Cobalt industry sources told Reuters that Volkswagen, the world’s largest automaker, has asked producers to submit proposals on supplying the material for up to 10 years from 2019. Proposals are due at the end of the month.
The metal is a key element in the lithium-ion batteries used to power electric vehicles, which contain between 8 and 12 kilograms of the metal each. The company is aiming to make up to 3 million electric cars a year by 2025, and has said it will need more than 150 GWh of battery capacity annually.
The news that Volkswagen is on the hunt for cobalt came on Friday (September 22), and Reuters notes that the company has not yet responded to questions about its call for proposals.
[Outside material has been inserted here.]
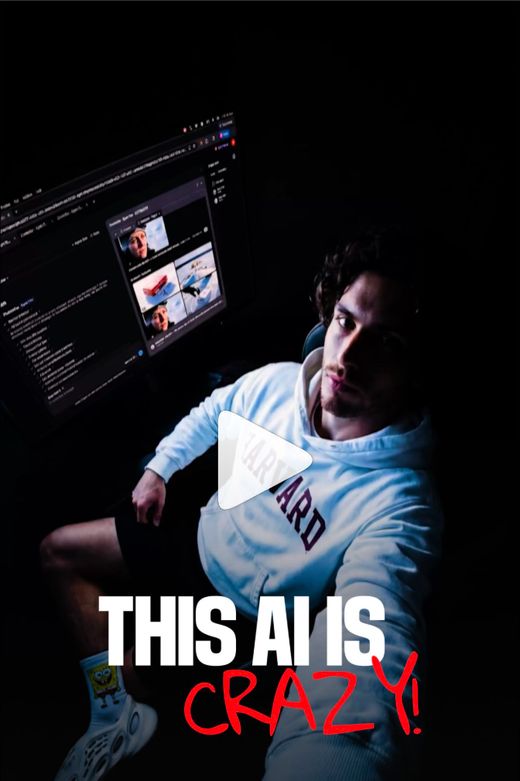 This AI Is Crazy reel cover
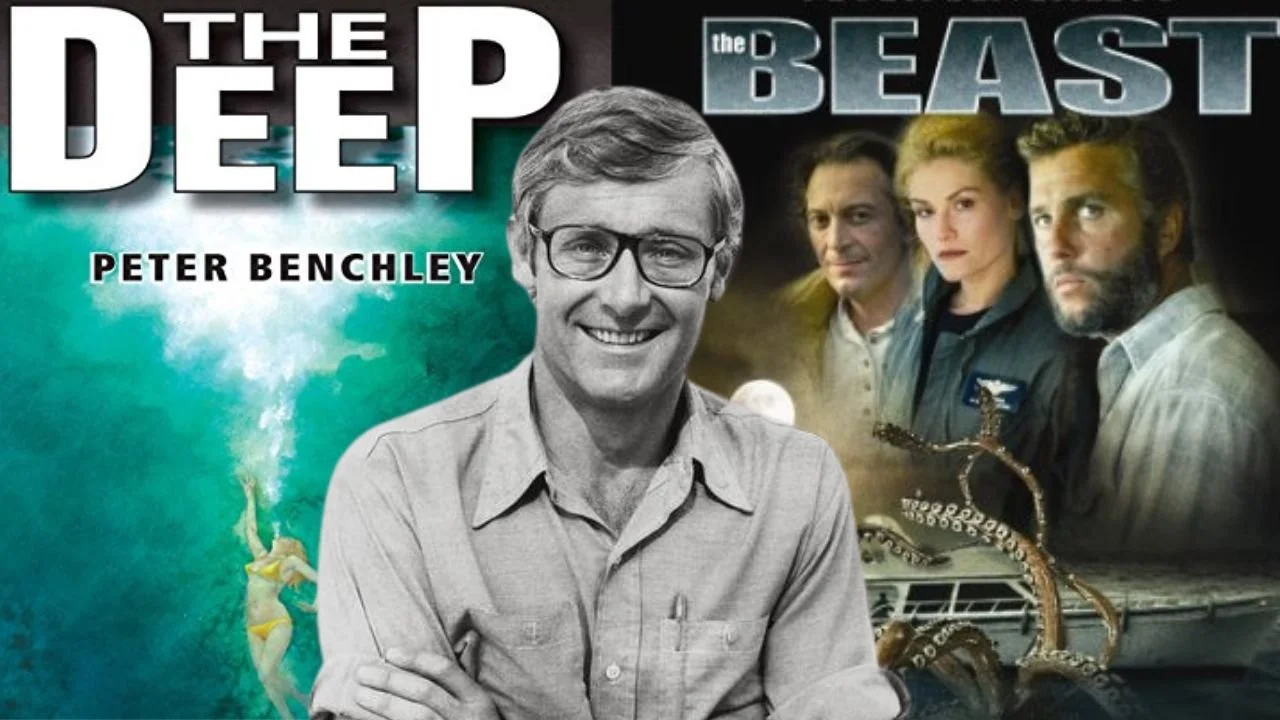 From the author of Jaws...the screen adaptations of Peter Benchley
“The tender doesn’t actually tell you how much cobalt they want. They tell you how many electric vehicles (EVs) they want to make, you have to work out the cobalt content yourself,” one cobalt industry source told the news agency.
The company said last week that it is seeking new global supplier contracts to source 50 billion euros ($60 billion) worth of electric car content. At the time, Benchmark Mineral Intelligence Managing Director Simon Moores said on Twitter that assuming a $60-billion investment, Volkswagen would be able to generate 600 GWh of lithium-ion battery capacity.
As a result, Volkswagen will need more than 160 kilotonnes of cobalt chemical for its electric vehicle fleet. “[That’s] much more than the entire 96kt market in 2016,” he added.
Worries about future supply continue to increase, as more than 60 percent of cobalt comes from the politically unstable Democratic Republic of Congo, where mining has been associated with child labor.
New supply is forecast to come from Eurasian Resources Group’s Metalkol Roan tailings project, which is seen producing an estimated 14,000 tons a year, and from Katanga Mining in RD Congo , which is expected to restart operations later this year. Many smaller cobalt companies are also hoping to bring projects into production to meet demand.
Even so, many analysts agree that cobalt will be in deficit in the next decade, as new supply will not be enough to meet surging demand for batteries in electric cars. In fact, UBS expects global sales of electric vehicles to reach 14.2 million units in 2025 from under 1 million units this year.
Volkswagen has said that the chemistry for the batteries used in its electric vehicles will initially be six parts nickel, two parts cobalt and two parts manganese, or 6:2:2; however, it could switch at some stage to 8:1:1.
“They want a fixed price, which won’t work for people who need security and they want to reserve the right to not take metal they don’t need,” another cobalt source told Reuters. “They want producers to take all the risks … they want an option at low prices, for long maturities at zero cost.”
Reuters sources also said the wording of the tender suggests it will probably have also gone to lithium producers, chemical producers and battery makers.
Speaking specifically about lithium, another key element in lithium-ion batteries, Joe Lowry of Global Lithium said recently that the problem is that car and battery companies want to negotiate from strength and “tend to be bullies when dealing with their suppliers.”
“They are trying to price shop in a seller’s market. It will take time for them to realize the reality of the lithium market — lithium suppliers are in the driver’s seat,” he added.